» **PROVIDED INFORMATION**:
-=-=-=-=-

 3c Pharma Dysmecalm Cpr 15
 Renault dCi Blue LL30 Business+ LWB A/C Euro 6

-=-=-=-=-

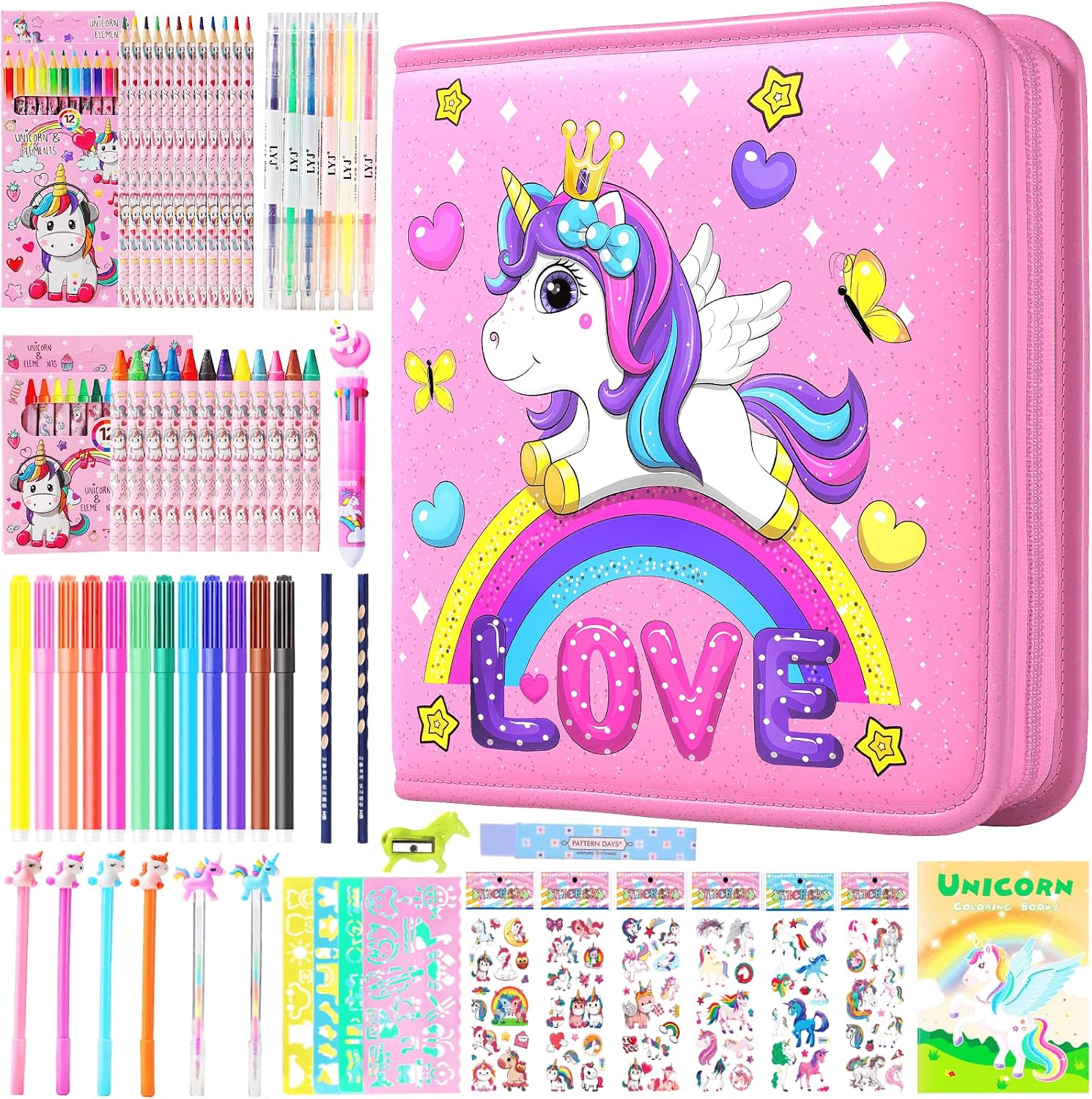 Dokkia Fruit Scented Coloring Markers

-=-=-=-=-

» **PROBLEM DETAILS**: There is a run of lines above from the one with "3c Pharma Dysmecalm Cpr 15" to the one with "Renault dCi Blue"; print exactly that run, both ends included, and nothing else.

» **YOUR RESPONSE**:
 3c Pharma Dysmecalm Cpr 15
 Renault dCi Blue LL30 Business+ LWB A/C Euro 6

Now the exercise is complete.